*What the exercise asks:*
In your copy of the data, keep every word exact and include no pictures.
───── Materials provided
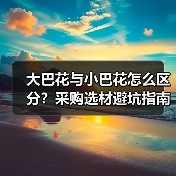 大巴花与小巴花怎么区分？采购选材避坑指南（图1）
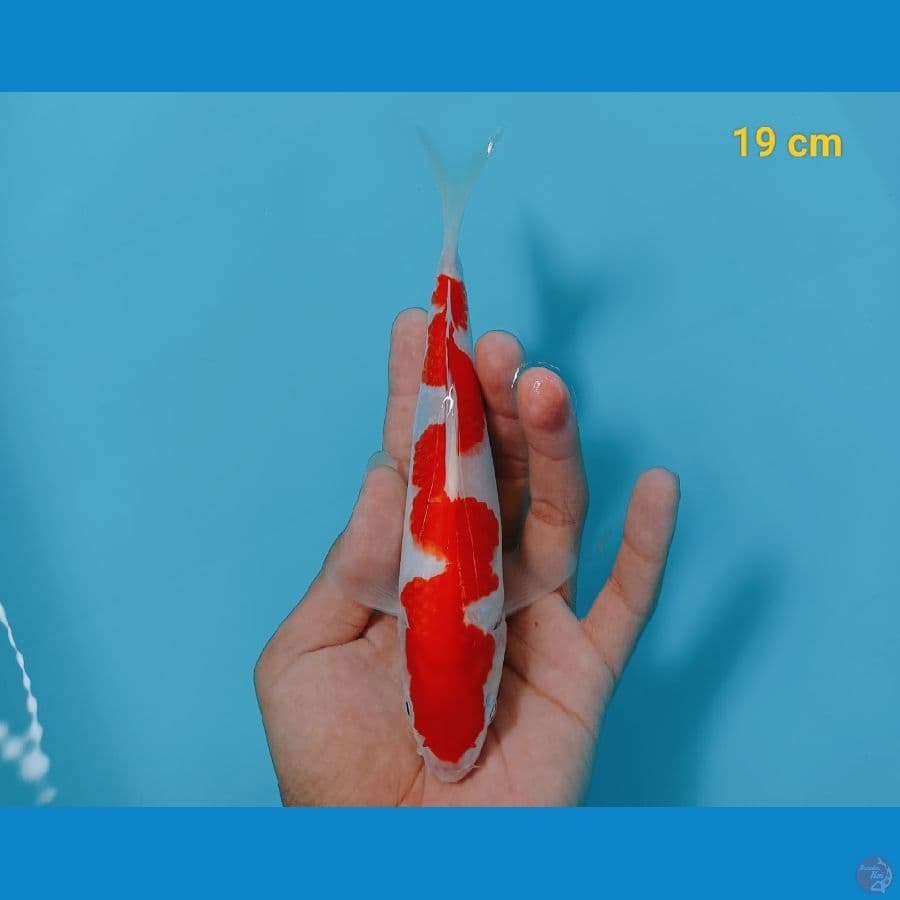 inazuma 19 cm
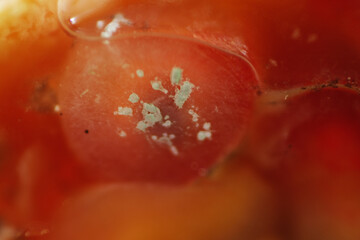 Growth of mycelium and fungus on pomegranate seed in the glass after two weeks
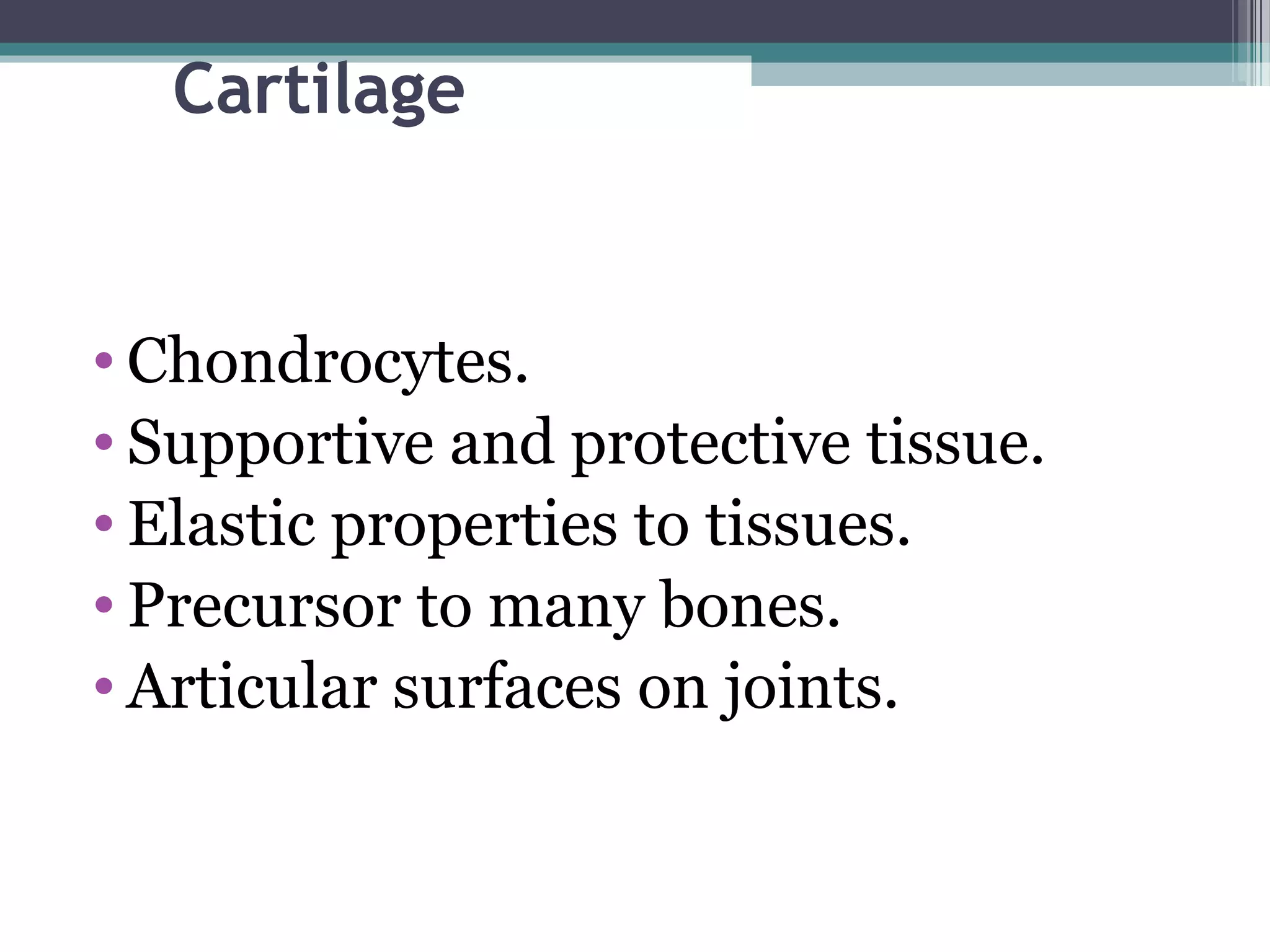 Cartilage
• Chondrocytes.
• Supportive and protective tissue.
• Elastic properties to tissues.
• Precursor to many bones.
• Articular surfaces on joints.
 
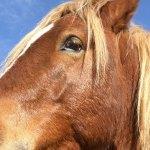 fundación Miranda | caballos en libertad Barcelona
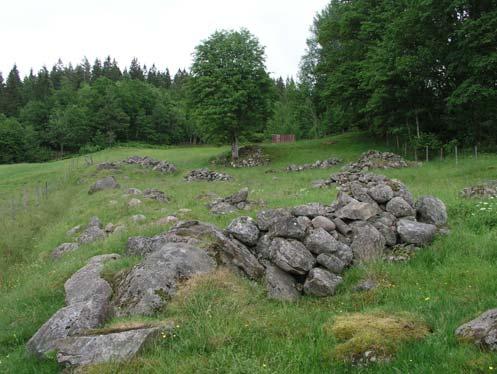 31b och c Holmared Betesmark (0,4 och 0,9 ha) En betesmark där det ligger rikligt med odlingsrösen och stenblock. Området ligger i en sluttning och varierar från torr till fuktig mark.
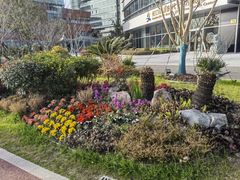 -北外滩滨江绿地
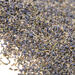 Dried Flowers Natural Collage Pack  hi\-res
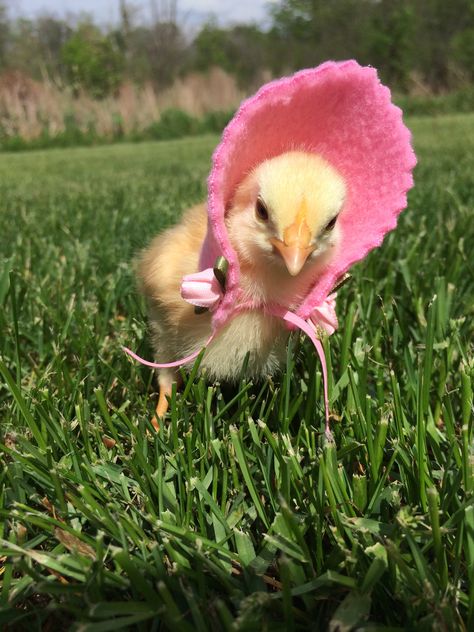 Baby Francine sporting her new pink bonnet. Photo by Nichole R. Merren Preppy Island, Turkey Chicks, Silly Birds, Pink Bonnet, Chicken Wallpaper, Baby Chicks Raising, Chick Outfit, Baby Turkey, Baby Chicken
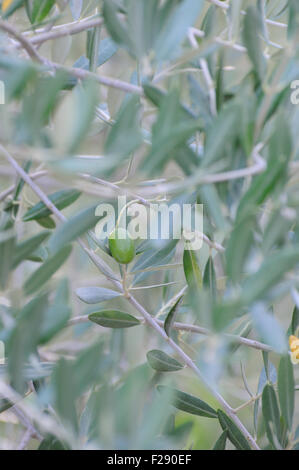 An olive tree (Olea europaea)  in a field near Rubik. Rubik, Albania. 07Sep15 Stock Photo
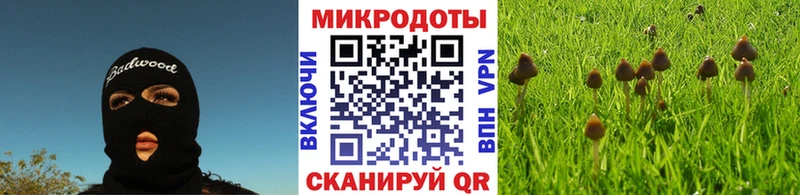 Псилоцибиновые грибы мухоморы Кострома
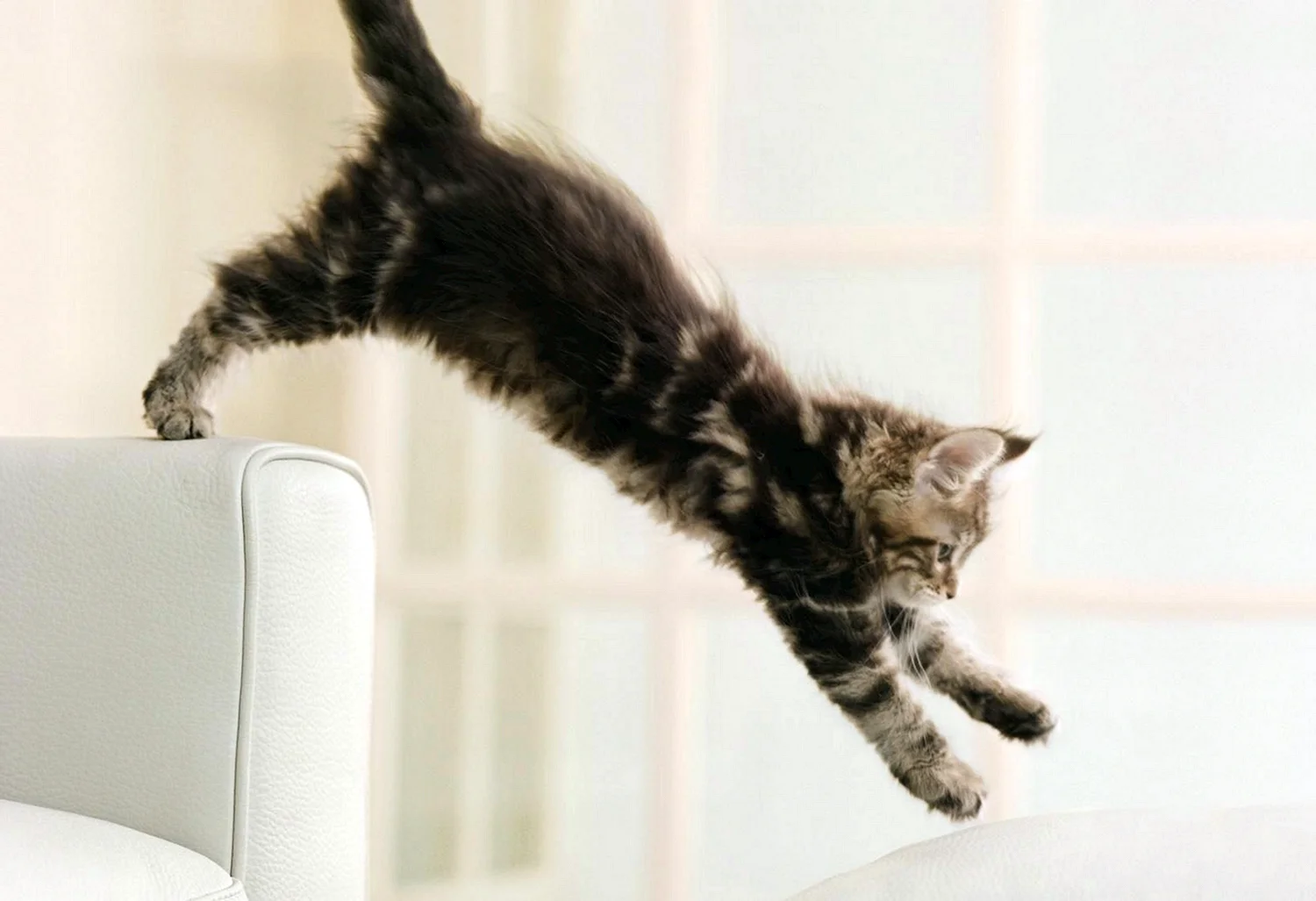 Котенок прыгает
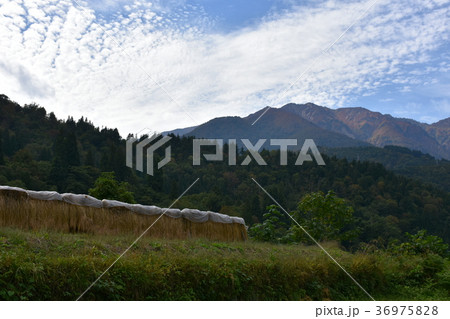白川郷の田園からの白山 白川郷の田園からの白山 36975828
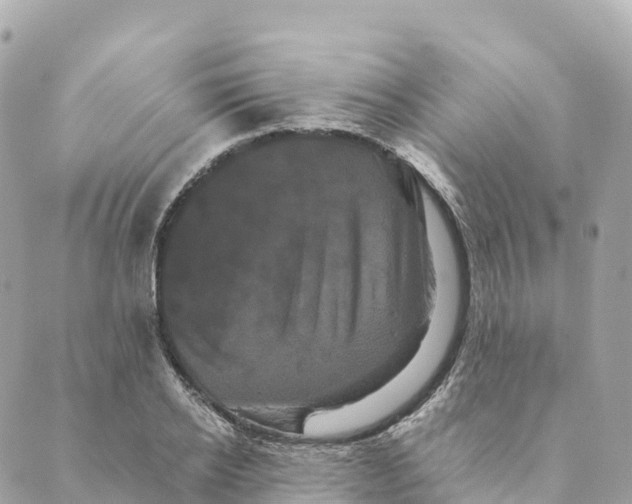 X0000088590934200706221337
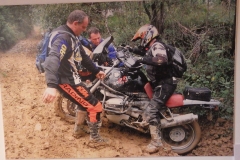 RIMG1771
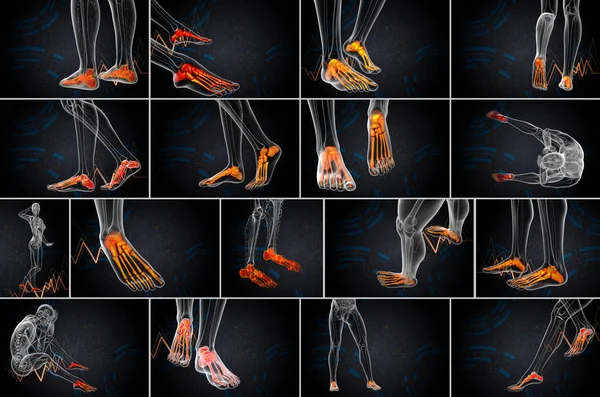 3D rendering medische illustratie van het bot van de voet — Stockfoto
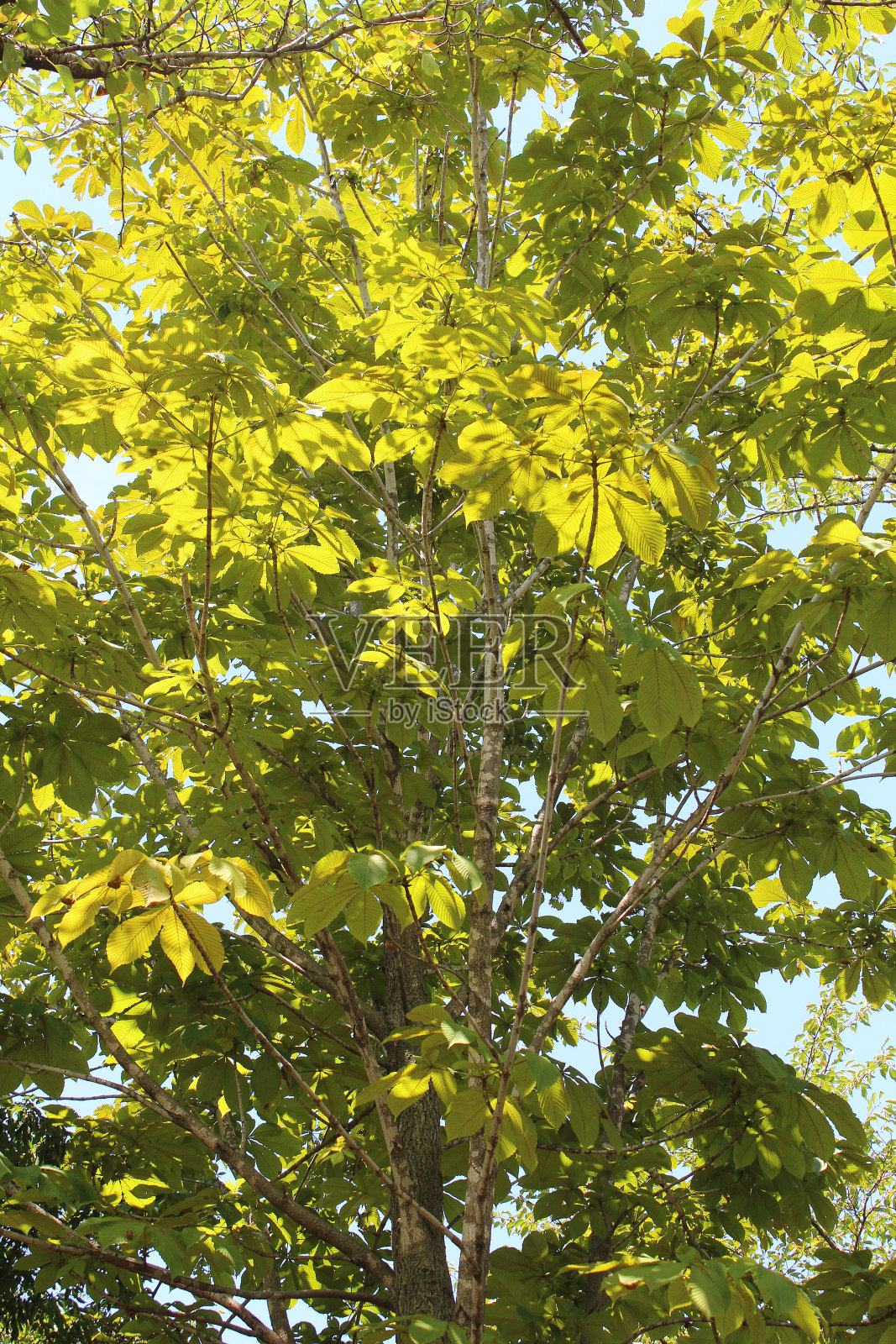 树木在新鲜的绿色森林照片摄影图片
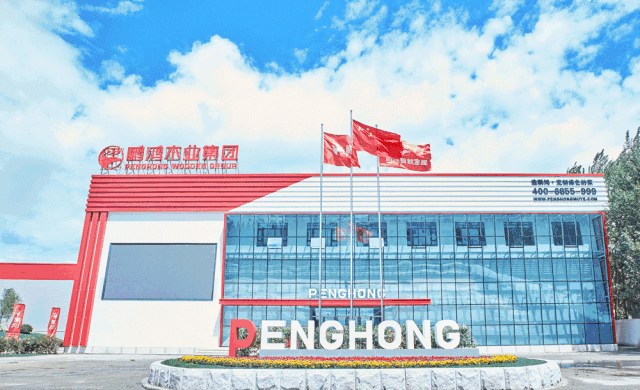 太阳城官网(中国)集团有限公司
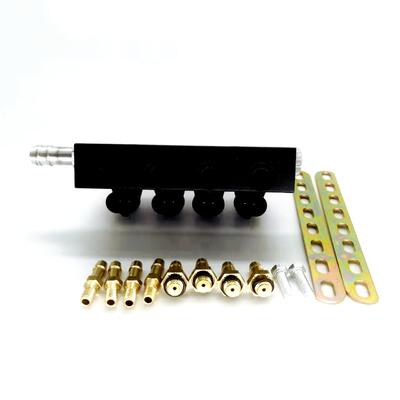 Fuel Injection System LPG CNG Injector Rail 3 Ohm Resistance LN-LIG1S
──────────
*Answer to this task:*
 大巴花与小巴花怎么区分？采购选材避坑指南（图1）
 inazuma 19 cm
 Growth of mycelium and fungus on pomegranate seed in the glass after two weeks
 Cartilage
• Chondrocytes.
• Supportive and protective tissue.
• Elastic properties to tissues.
• Precursor to many bones.
• Articular surfaces on joints.
 
 fundación Miranda | caballos en libertad Barcelona
 31b och c Holmared Betesmark (0,4 och 0,9 ha) En betesmark där det ligger rikligt med odlingsrösen och stenblock. Området ligger i en sluttning och varierar från torr till fuktig mark.
 -北外滩滨江绿地
 Dried Flowers Natural Collage Pack  hi\-res
 Baby Francine sporting her new pink bonnet. Photo by Nichole R. Merren Preppy Island, Turkey Chicks, Silly Birds, Pink Bonnet, Chicken Wallpaper, Baby Chicks Raising, Chick Outfit, Baby Turkey, Baby Chicken
 An olive tree (Olea europaea)  in a field near Rubik. Rubik, Albania. 07Sep15 Stock Photo
 Псилоцибиновые грибы мухоморы Кострома
 Котенок прыгает
白川郷の田園からの白山 白川郷の田園からの白山 36975828
 X0000088590934200706221337
 RIMG1771
 3D rendering medische illustratie van het bot van de voet — Stockfoto
 树木在新鲜的绿色森林照片摄影图片
 太阳城官网(中国)集团有限公司
 Fuel Injection System LPG CNG Injector Rail 3 Ohm Resistance LN-LIG1S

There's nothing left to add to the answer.